The weak spot, to this taste, came in the fourth movement, where the human voice first emerges – Nietzsche's text sung here by Tamara Mumford with beautiful tone though with too little sense of mystery. Dudamel skirted the darkness of this most nocturnal episode in the Third, barely evoking the profound, metaphysical yearning Mahler expresses in this pivotal transitional point of the Third. With the outburst of heavenly voices that follows, the contradictions were simply brushed aside.

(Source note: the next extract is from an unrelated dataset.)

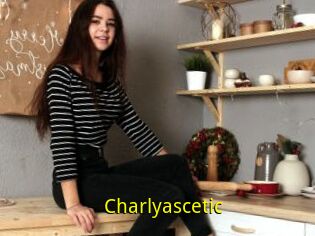 Charlyascetic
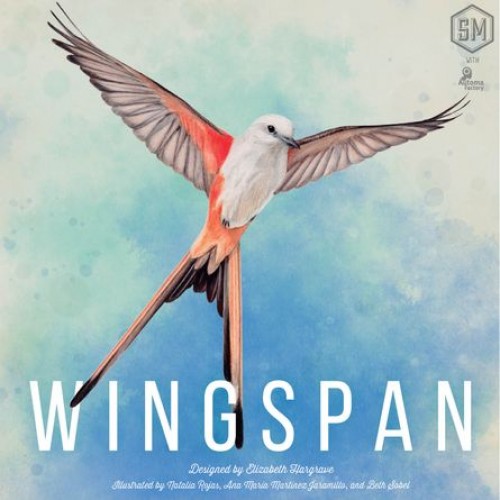 wingspan steam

It was a bit as if Mahler had set, back to back, a text by Christopher Hitchens and a sermon of Mother Theresa.

The concluding Adagio, on the other hand, radiated that sense of security, of a global view of the work, that elsewhere characterised Dudamel's approach. He understood how essential it is here to calibrate Mahler's carefully planned sequence of climaxes and crises, avoiding the temptation to settle for a generically blissed-out music of the spheres (and thus a music utterly lacking in tension).

Dudamel's Third lies at a fascinating point on the interpretive spectrum, far from the wrenching extremes of a Bernstein but just as distant from the magisterial detachment of a Boulez. The conductor is always thoroughly invested and emotionally focused, yet there's never a hint of the music going off the rails – even in the wildest, most orgiastic moments of the first movement. And his sensitivity to the score's resplendent detail was admirably abetted by the LA Philharmonic's inspired musicianship.

Their arrival at the amens of D major with which Mahler ends the Third had an orgasmic inevitability. And yet it contained an element of surprise in the ecstatic, swelling length of the final fermata Dudamel drew from the players.

In a few weeks they will take the Mahler on tour to Europe, along with a program including Messiaen's Des Canyons aux étoiles (with accompanying visuals of American landscapes designed by photographer Deborah O’Grady). It will be particularly fascinating to follow their reception at the Concertgebouw in Amsterdam, where Mahler himself conducted the Third in 1903.